'''

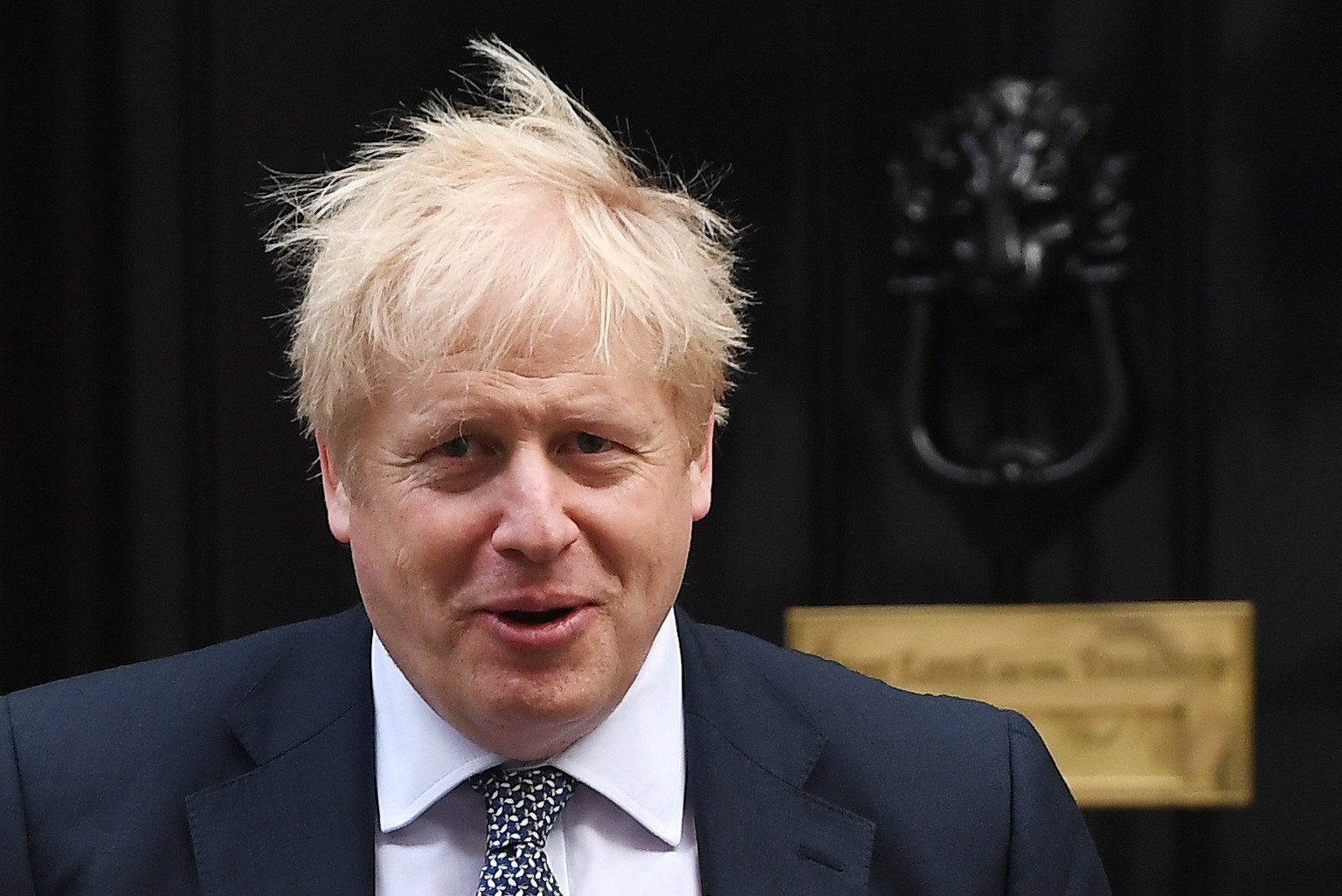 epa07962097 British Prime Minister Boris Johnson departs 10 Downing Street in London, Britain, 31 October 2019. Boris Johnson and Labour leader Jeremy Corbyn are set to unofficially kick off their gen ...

'''
'''

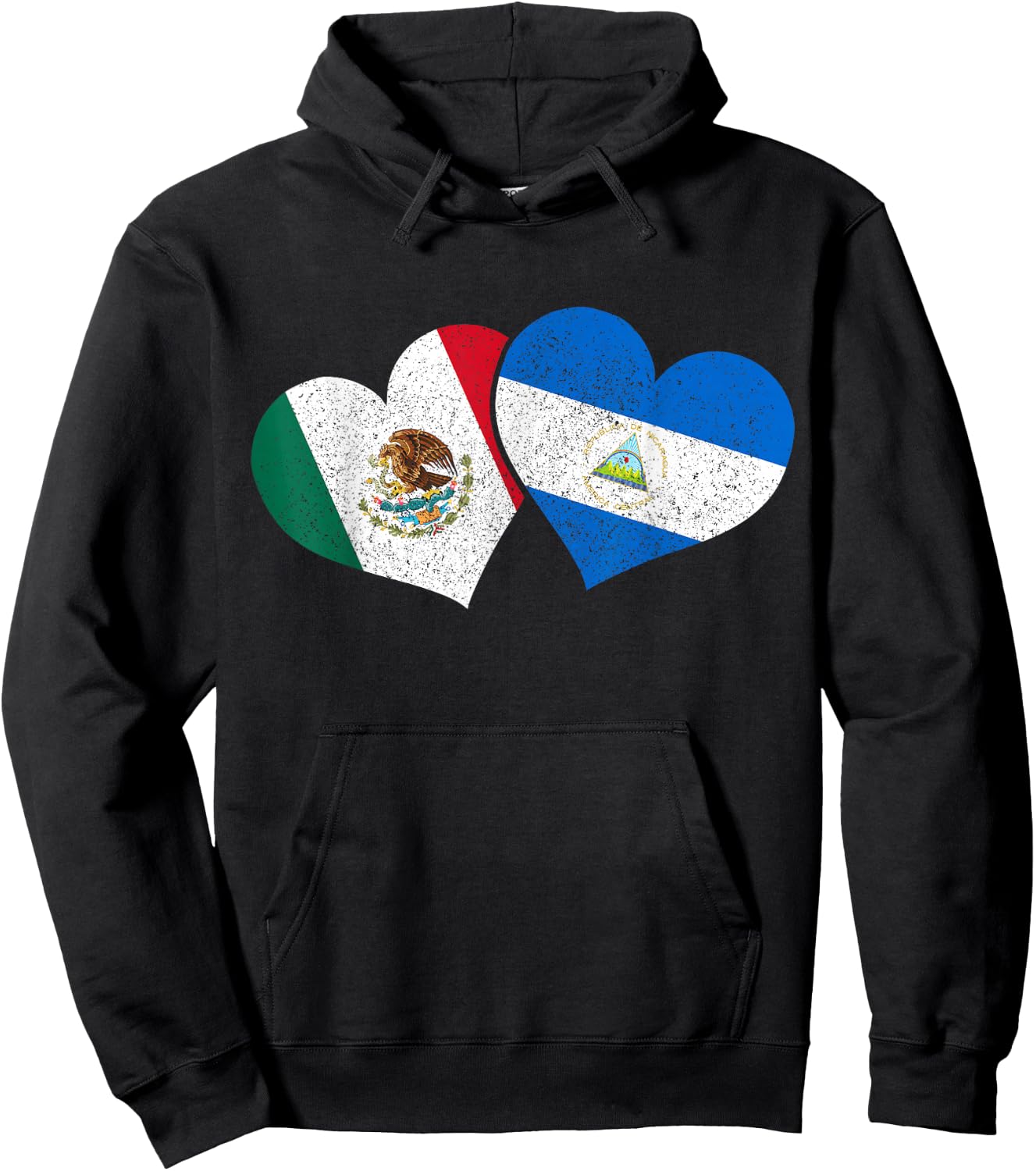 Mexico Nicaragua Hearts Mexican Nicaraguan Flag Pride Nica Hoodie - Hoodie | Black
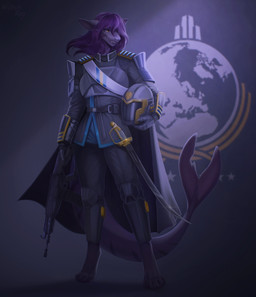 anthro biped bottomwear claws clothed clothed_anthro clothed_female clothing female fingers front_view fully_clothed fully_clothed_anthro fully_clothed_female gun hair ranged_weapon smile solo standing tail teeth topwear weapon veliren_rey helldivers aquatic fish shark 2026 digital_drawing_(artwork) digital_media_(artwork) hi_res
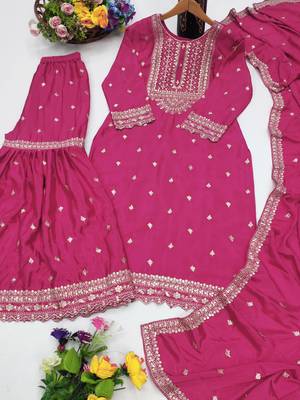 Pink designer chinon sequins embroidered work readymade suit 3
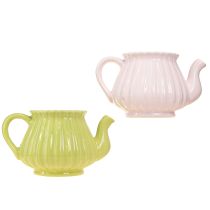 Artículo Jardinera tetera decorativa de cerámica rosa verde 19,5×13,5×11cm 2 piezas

'''
'''

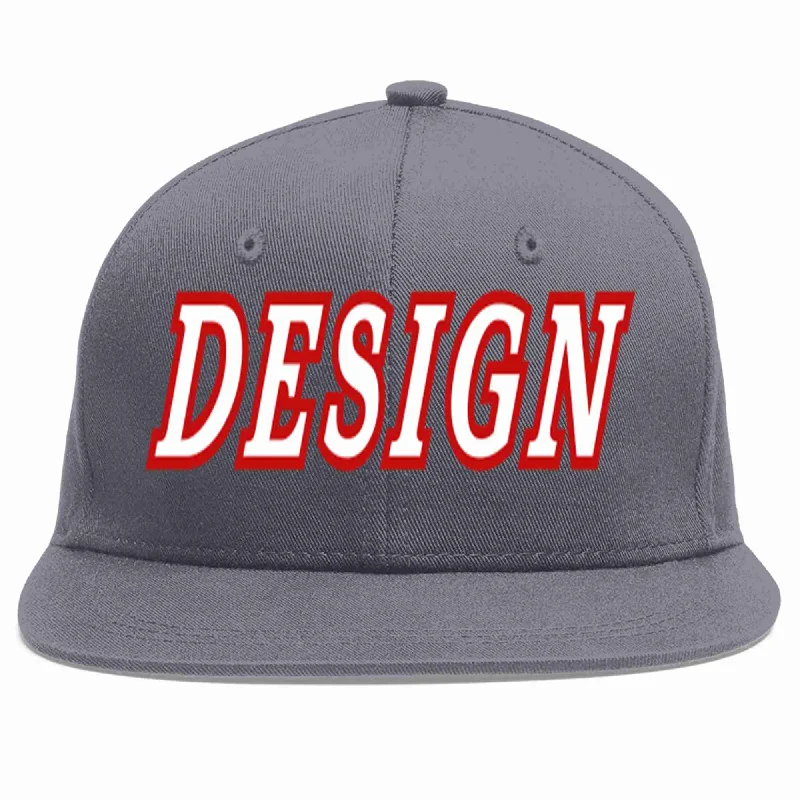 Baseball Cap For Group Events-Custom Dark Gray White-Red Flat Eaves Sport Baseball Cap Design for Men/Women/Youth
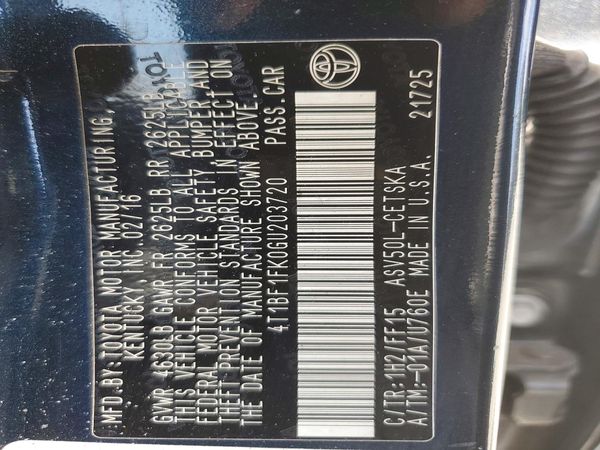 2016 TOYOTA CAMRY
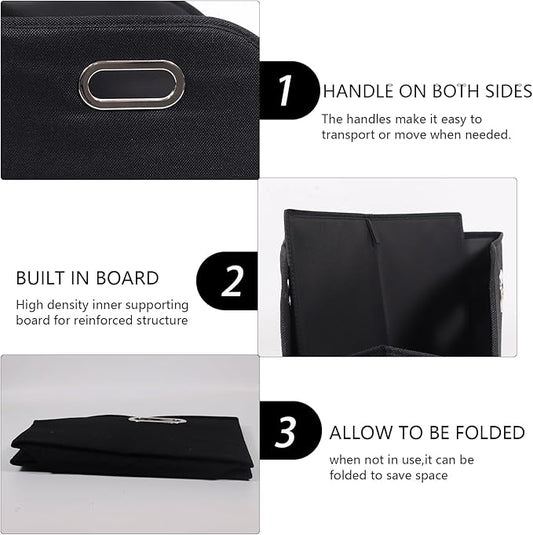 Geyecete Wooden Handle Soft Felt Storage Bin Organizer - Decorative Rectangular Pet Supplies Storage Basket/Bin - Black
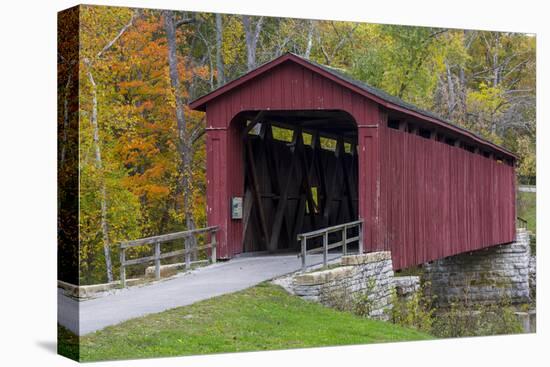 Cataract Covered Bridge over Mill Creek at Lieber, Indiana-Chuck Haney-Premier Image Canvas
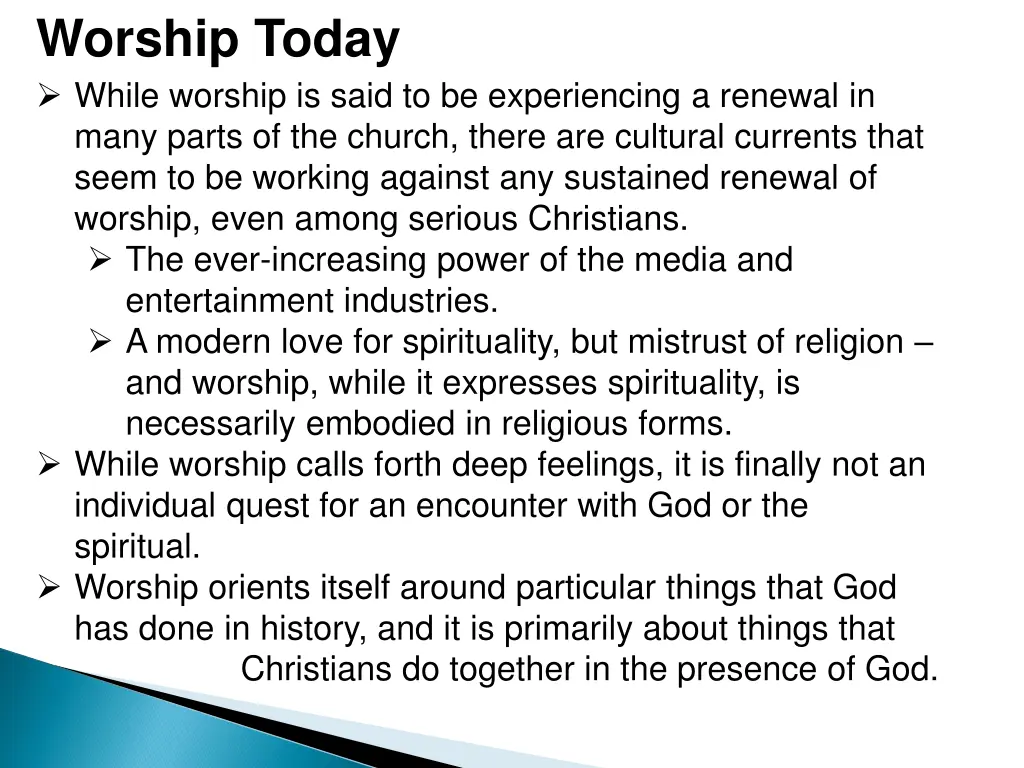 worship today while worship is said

'''

▶ [Problem details] Exact copy, pictures excluded: every line above from the one containing "2016 TOYOTA CAMRY" to the one containing "worship today while worship is said", inclusive, and nothing more.

▶ [Answer for this exercise]
 2016 TOYOTA CAMRY
 Geyecete Wooden Handle Soft Felt Storage Bin Organizer - Decorative Rectangular Pet Supplies Storage Basket/Bin - Black
 Cataract Covered Bridge over Mill Creek at Lieber, Indiana-Chuck Haney-Premier Image Canvas
 worship today while worship is said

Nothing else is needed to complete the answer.